[WORK TO COMPLETE]: Although pictures appear in the records, the copy must leave them out and match everything else exactly.

[Opening DATASET EXTRACT section]

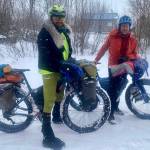 Forest Wagner, left, and Ned Rozell reach the village of Kaltag on the Yukon River on April 7, 2026. They are attempting to pedal fat bikes from Fairbanks to Nome. Photo courtesy Chris Carlson
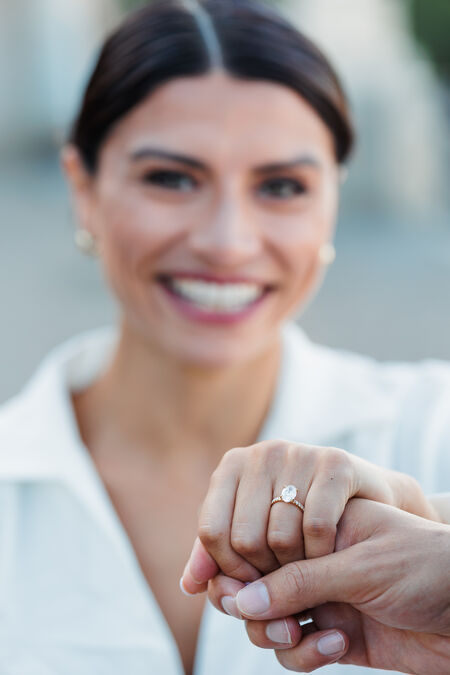 Beautiful woman smiling in the background with her hand wearing the engagement ring in the foreground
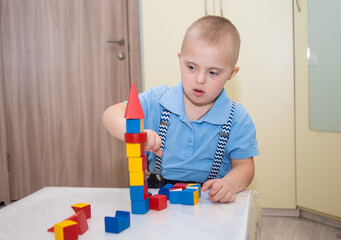 A boy with Down syndrome plays a construction set, a genetically ill disabled child builds a tower...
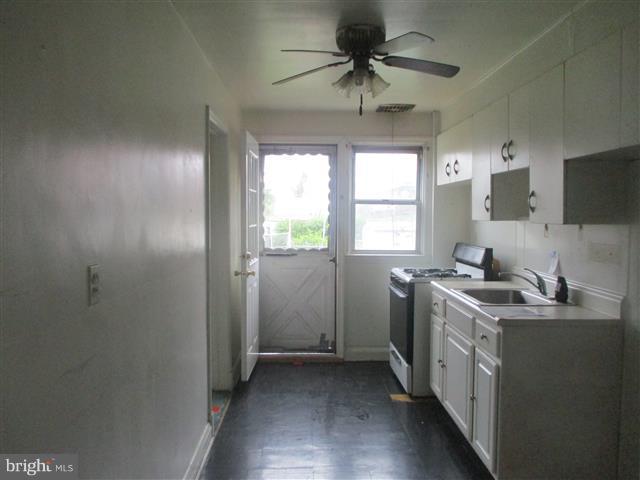2707 Edison Highway Baltimore, MD 21213 - Photo 6 of 25 a kitchen with stainless steel appliances granite countertop a sink stove and refrigerator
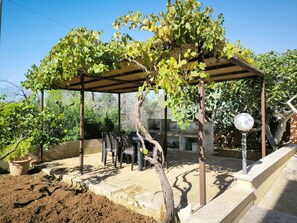 Ein überdachter Sitzbereich im Freien mit einer Pergola, einem Grill und einem Blumentopf.
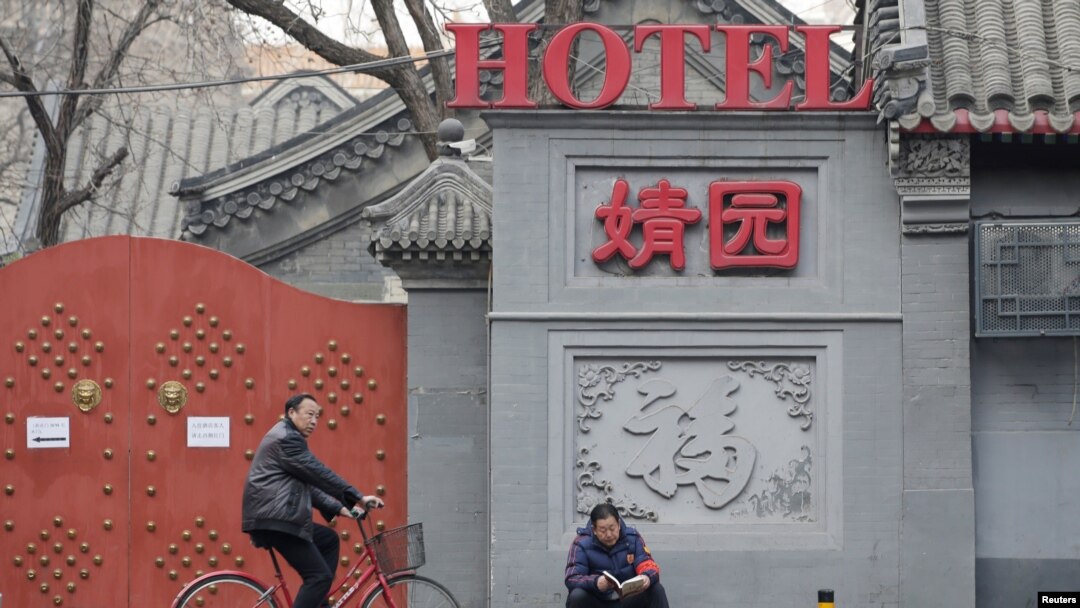 一名佩戴红袖章的北京居民自称自己是自愿保安员,在北京市中心一个胡同口执勤。(2019年2月28日)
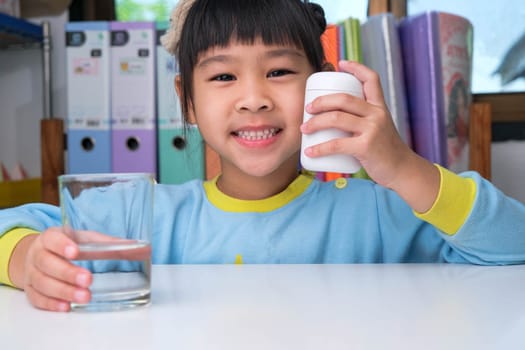 Cute little girl eating alpha omega 3 or Vitamin pill. Vitamin supplements for children for better immunity.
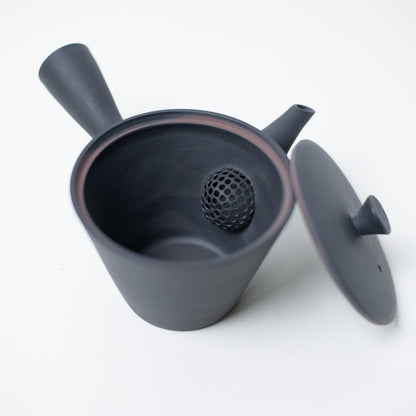 Open japanese teapot looking inside at the ceramic mesh strainer and lid of the black kyusu sencha pot
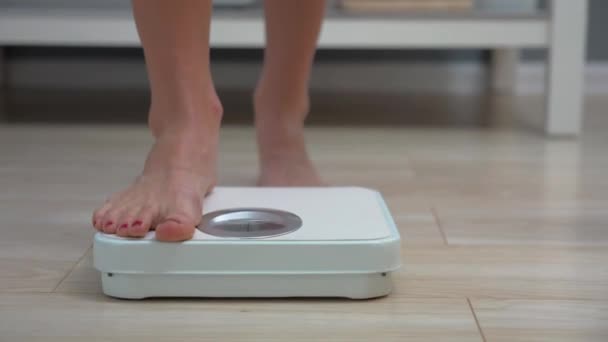 Взрослая женщина проверяет вес на весах в ванной утром — стоковое видео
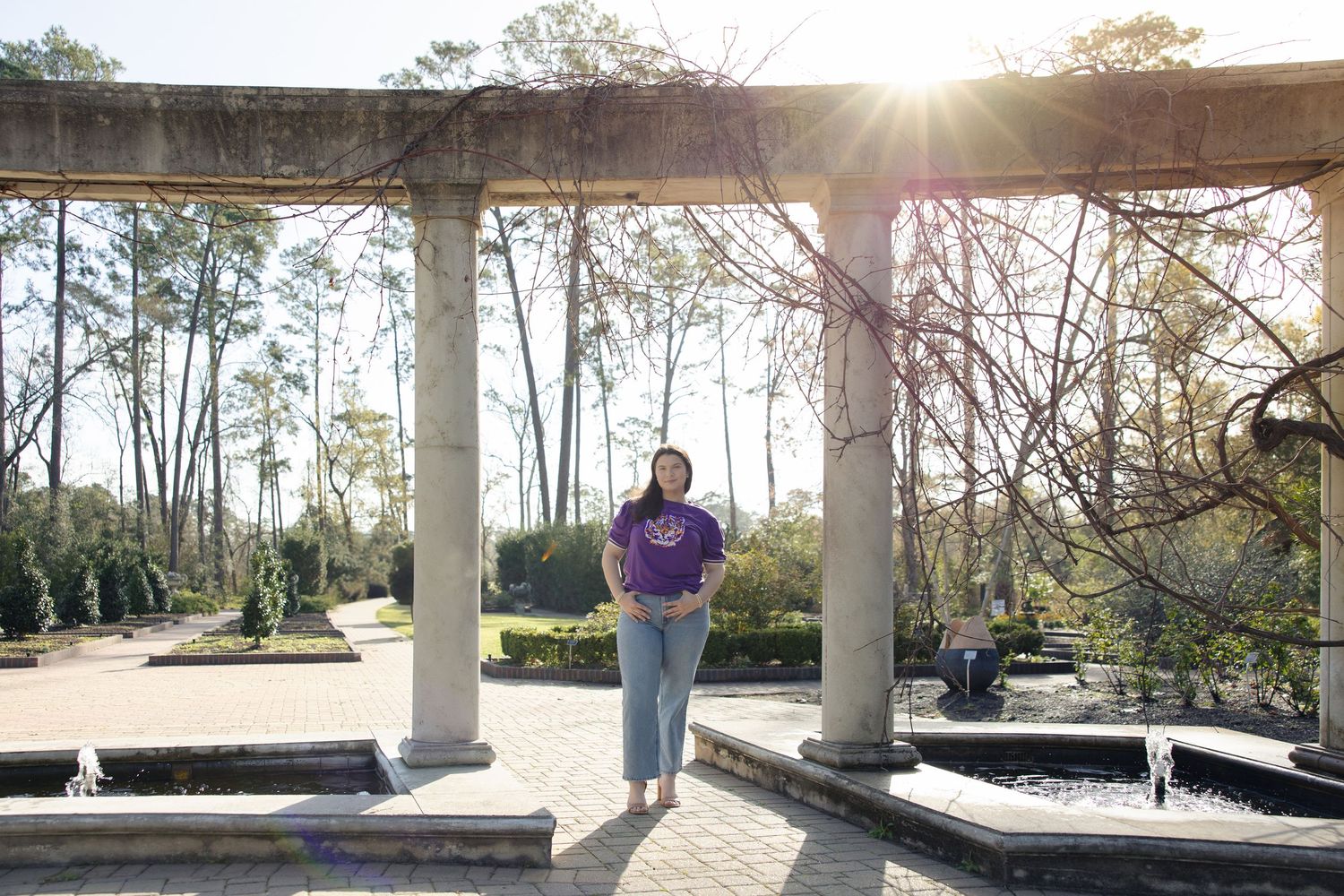 Outdoor covered walkway with columns photographed during golden hour sunset.
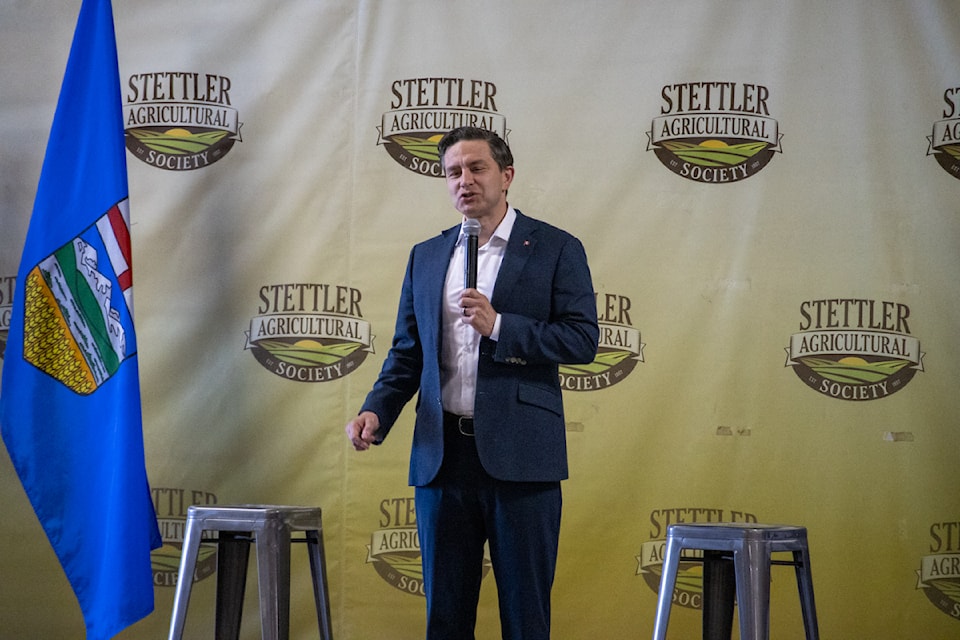 Pierre Poilievre gives a campaign-style speech during his Stettler appearance on July 11.
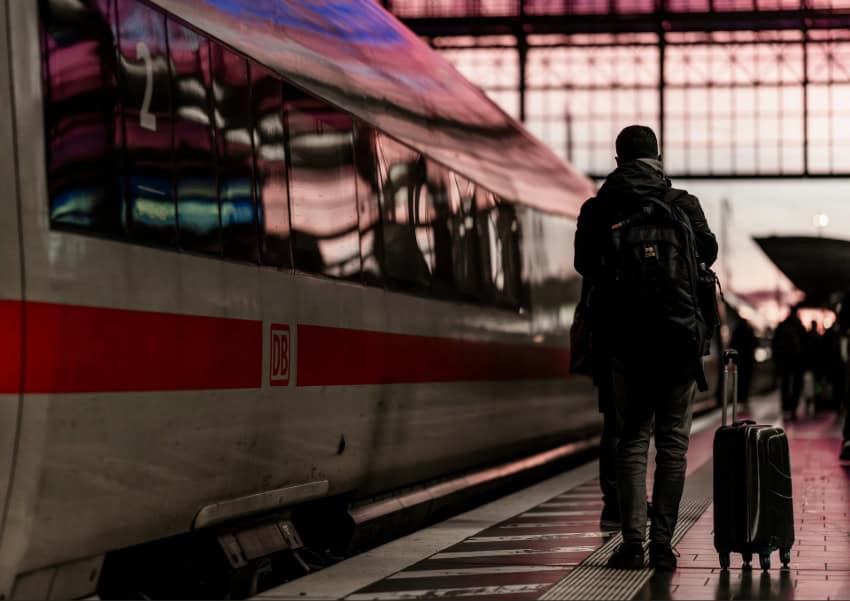 An traveler with a backpack stands by a ICE high-speed train in Europe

[Closing DATASET EXTRACT section]

[RESPONSE]:
 Forest Wagner, left, and Ned Rozell reach the village of Kaltag on the Yukon River on April 7, 2026. They are attempting to pedal fat bikes from Fairbanks to Nome. Photo courtesy Chris Carlson
 Beautiful woman smiling in the background with her hand wearing the engagement ring in the foreground
 A boy with Down syndrome plays a construction set, a genetically ill disabled child builds a tower...
2707 Edison Highway Baltimore, MD 21213 - Photo 6 of 25 a kitchen with stainless steel appliances granite countertop a sink stove and refrigerator
 Ein überdachter Sitzbereich im Freien mit einer Pergola, einem Grill und einem Blumentopf.
 一名佩戴红袖章的北京居民自称自己是自愿保安员,在北京市中心一个胡同口执勤。(2019年2月28日)
 Cute little girl eating alpha omega 3 or Vitamin pill. Vitamin supplements for children for better immunity.
 Open japanese teapot looking inside at the ceramic mesh strainer and lid of the black kyusu sencha pot
 Взрослая женщина проверяет вес на весах в ванной утром — стоковое видео
 Outdoor covered walkway with columns photographed during golden hour sunset.
 Pierre Poilievre gives a campaign-style speech during his Stettler appearance on July 11.
 An traveler with a backpack stands by a ICE high-speed train in Europe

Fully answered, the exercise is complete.